Von den Worten P. André‘s an seine neue Gemeinde verstehe ich nicht sehr viel, aber der vertraute Ausdruck „Sint Unum“ taucht immer wieder auf und der Gedanke, Gemeinschaft zu fördern. Später werde ich erfahren, warum dies wichtig ist. Nach dem Gottesdienst, bei einem Empfang für alle Mitfeiernden, kommen zwei Pfarreiangehörige auf mich und P. Renato zu. Sie bedanken sich überschwänglich, dass wir Herz-Jesu-Priester nun in dieser Gemeinde sind. „Wissen Sie, die Diözesanpriester vorher, die haben wir fast nie gesehen. Sie haben die Messe gelesen, und danach verschwanden sie schnell, richtig gewohnt hat der Pfarrer gar nicht hier. Und Zeit für Gespräche und Beichten schon gar nicht. Da waren die ersten Wochen von P. André schon ganz anders. Und wir sind einfach glücklich darüber!“

Immer wieder taucht in den vergangenen Wochen in Gesprächen mit dem Provinzial und anderen Mitbrüdern dieser Unterschied zwischen Herz-Jesu-Priestern und Diözesan-Priestern auf: „Wir sind einfach näher dran an den Menschen“, sagt der Provinzial P. Sildo, „große Zugewandtheit, für Beichte und Gespräche zur Verfügung stehen und Spiritualität anbieten oder ermöglichen, das sind oft Charakteristika von Ordenspriestern wie den Dehonianern im Vergleich zu Diözesanpriestern“.
Nun hinken Generalisierungen immer etwas: Ich habe auch dehonianische Pfarrer erlebt, die mehr Zeit vor Computer und Fernsehen verbringen als mit Gemeindeangehörigen. Über Diözesanpriester kann ich mangels Erfahrungen gar nichts sagen. Aber Generalisierungen, Klischees, bringen auch Teile von Realität auf den Punkt.
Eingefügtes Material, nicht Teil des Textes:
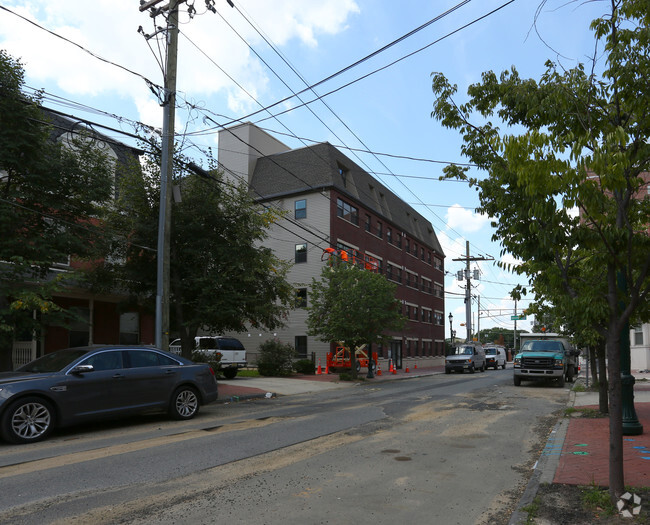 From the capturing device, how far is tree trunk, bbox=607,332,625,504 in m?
5.04

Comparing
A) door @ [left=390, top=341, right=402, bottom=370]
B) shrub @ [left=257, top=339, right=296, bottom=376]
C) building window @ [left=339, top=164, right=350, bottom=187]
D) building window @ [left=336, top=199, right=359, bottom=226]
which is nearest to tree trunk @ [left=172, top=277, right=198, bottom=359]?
shrub @ [left=257, top=339, right=296, bottom=376]

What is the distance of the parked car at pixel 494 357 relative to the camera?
42750mm

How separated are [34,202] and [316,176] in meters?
22.5

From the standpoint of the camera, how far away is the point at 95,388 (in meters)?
9.71

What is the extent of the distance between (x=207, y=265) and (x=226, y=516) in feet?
41.3

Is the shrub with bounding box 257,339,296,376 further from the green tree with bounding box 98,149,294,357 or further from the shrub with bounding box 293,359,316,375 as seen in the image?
the green tree with bounding box 98,149,294,357

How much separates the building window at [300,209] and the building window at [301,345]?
7714mm

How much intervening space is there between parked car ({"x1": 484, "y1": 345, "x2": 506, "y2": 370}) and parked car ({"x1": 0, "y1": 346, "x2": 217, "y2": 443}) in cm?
Answer: 3498

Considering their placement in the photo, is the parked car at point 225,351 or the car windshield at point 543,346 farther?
the parked car at point 225,351

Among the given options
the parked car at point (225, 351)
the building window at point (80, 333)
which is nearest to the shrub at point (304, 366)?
the parked car at point (225, 351)

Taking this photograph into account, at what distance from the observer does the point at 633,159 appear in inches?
205

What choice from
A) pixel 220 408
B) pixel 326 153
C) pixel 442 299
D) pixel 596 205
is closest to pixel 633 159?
pixel 596 205

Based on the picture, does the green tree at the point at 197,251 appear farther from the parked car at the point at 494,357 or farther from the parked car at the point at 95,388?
the parked car at the point at 494,357

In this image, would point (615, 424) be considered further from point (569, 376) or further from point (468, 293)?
point (468, 293) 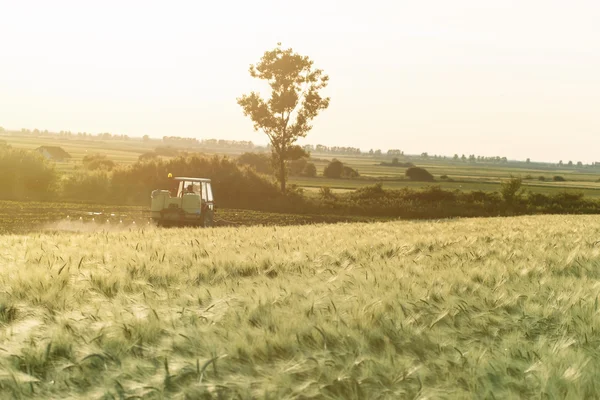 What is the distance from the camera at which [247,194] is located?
53.3 meters

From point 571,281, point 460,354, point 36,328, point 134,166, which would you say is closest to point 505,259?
point 571,281

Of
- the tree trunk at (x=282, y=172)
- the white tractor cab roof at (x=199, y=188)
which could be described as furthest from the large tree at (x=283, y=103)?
the white tractor cab roof at (x=199, y=188)

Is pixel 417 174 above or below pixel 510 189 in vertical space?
below

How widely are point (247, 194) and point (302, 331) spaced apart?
49.2 m

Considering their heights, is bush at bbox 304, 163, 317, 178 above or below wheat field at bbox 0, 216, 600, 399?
below

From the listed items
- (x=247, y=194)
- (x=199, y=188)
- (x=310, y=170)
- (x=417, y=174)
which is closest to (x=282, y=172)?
(x=247, y=194)

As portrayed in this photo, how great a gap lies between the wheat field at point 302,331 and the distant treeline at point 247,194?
42.4 meters

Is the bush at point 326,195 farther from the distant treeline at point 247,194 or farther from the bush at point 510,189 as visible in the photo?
the bush at point 510,189

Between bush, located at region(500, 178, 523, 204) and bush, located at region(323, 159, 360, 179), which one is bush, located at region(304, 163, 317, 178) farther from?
bush, located at region(500, 178, 523, 204)

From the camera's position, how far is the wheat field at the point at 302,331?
3.77 meters

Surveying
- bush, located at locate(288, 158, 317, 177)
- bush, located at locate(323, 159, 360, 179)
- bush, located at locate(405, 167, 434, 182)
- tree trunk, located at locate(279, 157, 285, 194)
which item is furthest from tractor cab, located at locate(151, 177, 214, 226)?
bush, located at locate(405, 167, 434, 182)

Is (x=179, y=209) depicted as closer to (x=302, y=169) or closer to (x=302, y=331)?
(x=302, y=331)

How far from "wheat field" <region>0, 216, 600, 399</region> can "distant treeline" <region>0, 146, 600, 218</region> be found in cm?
4241

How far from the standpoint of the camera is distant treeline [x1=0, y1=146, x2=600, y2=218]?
1969 inches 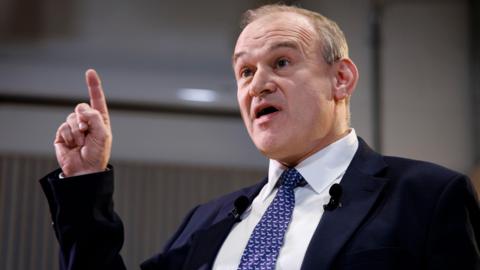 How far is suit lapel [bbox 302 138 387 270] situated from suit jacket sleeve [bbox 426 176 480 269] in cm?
15

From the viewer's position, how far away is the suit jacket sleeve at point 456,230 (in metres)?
1.43

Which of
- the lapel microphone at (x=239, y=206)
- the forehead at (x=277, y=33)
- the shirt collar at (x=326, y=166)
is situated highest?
the forehead at (x=277, y=33)

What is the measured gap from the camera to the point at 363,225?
5.03ft

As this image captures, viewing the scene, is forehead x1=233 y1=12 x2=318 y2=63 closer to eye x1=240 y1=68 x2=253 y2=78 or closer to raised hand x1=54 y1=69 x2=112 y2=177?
eye x1=240 y1=68 x2=253 y2=78

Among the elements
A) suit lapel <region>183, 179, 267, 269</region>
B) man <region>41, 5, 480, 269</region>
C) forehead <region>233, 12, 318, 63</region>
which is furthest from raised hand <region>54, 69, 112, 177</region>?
forehead <region>233, 12, 318, 63</region>

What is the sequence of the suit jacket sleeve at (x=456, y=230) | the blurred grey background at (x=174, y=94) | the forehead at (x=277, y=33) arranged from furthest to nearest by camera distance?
the blurred grey background at (x=174, y=94), the forehead at (x=277, y=33), the suit jacket sleeve at (x=456, y=230)

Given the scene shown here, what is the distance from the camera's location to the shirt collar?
1.72m

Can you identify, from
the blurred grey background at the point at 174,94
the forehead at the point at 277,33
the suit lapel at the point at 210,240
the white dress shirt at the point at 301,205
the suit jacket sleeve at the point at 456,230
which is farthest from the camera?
the blurred grey background at the point at 174,94

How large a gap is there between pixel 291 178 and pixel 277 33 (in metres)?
0.35

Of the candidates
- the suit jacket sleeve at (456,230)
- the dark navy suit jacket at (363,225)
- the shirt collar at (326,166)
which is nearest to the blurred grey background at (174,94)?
the shirt collar at (326,166)

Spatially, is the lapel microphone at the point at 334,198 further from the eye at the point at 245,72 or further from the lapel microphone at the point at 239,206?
the eye at the point at 245,72

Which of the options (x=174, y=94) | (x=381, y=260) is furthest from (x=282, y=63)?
(x=174, y=94)

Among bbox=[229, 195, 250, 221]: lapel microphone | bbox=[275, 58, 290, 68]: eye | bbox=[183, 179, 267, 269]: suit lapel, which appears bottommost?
bbox=[183, 179, 267, 269]: suit lapel

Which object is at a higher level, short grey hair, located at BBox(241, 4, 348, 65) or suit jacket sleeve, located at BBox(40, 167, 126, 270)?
short grey hair, located at BBox(241, 4, 348, 65) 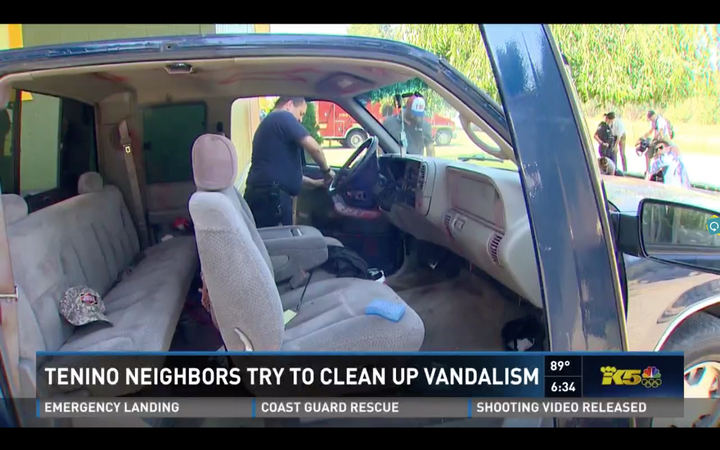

Gewiss, die Herz-Jesu-Priester haben es etwas leichter: Sie sind in jeder Pfarrei mit mindestens zwei Mitbrüdern, oft auch zu dritt oder mehr präsent. Der Diözesanpriester ist oft auf sich alleine gestellt – und möchte das in der Regel auch genau so. In unseren größeren Pfarreien im Süden wie in Jaraguà do Sul, Joinville, Brusque, gibt es so gut wie jeden Tag das Angebot zu Beichte und Gespräch. Und fast immer sitzt jemand im Pfarrsekretariat und wartet darauf, dass er oder sie an der Reihe ist.

Und wie sieht das in Deutschland aus? Da müsste man zunächst die Menschen fragen, die uns begegnen, mit denen wir unterwegs sind. Wir wollen uns nicht von Diözesanpriestern abgrenzen, wir wollen schlicht den zu uns Dehonianern passenden Stil des Miteinanders mit den Menschen finden und leben.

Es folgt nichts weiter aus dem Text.